DESCRIPTION OF THE TASK —
Retype the line containing "INFINITI G37 2012 — 10" and each later line through the end of the listing, exactly as written, with no other lines.

-------- INFORMATION --------

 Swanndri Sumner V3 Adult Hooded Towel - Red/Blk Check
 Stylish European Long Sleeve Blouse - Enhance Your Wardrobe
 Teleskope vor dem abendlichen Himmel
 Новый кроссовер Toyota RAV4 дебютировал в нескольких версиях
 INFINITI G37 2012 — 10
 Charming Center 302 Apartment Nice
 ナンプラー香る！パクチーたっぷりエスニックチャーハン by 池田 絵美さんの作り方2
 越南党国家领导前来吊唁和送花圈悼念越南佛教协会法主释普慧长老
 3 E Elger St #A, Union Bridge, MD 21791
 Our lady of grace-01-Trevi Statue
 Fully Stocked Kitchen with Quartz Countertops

--------

EXERCISE OUTPUT —
 INFINITI G37 2012 — 10
 Charming Center 302 Apartment Nice
 ナンプラー香る！パクチーたっぷりエスニックチャーハン by 池田 絵美さんの作り方2
 越南党国家领导前来吊唁和送花圈悼念越南佛教协会法主释普慧长老
 3 E Elger St #A, Union Bridge, MD 21791
 Our lady of grace-01-Trevi Statue
 Fully Stocked Kitchen with Quartz Countertops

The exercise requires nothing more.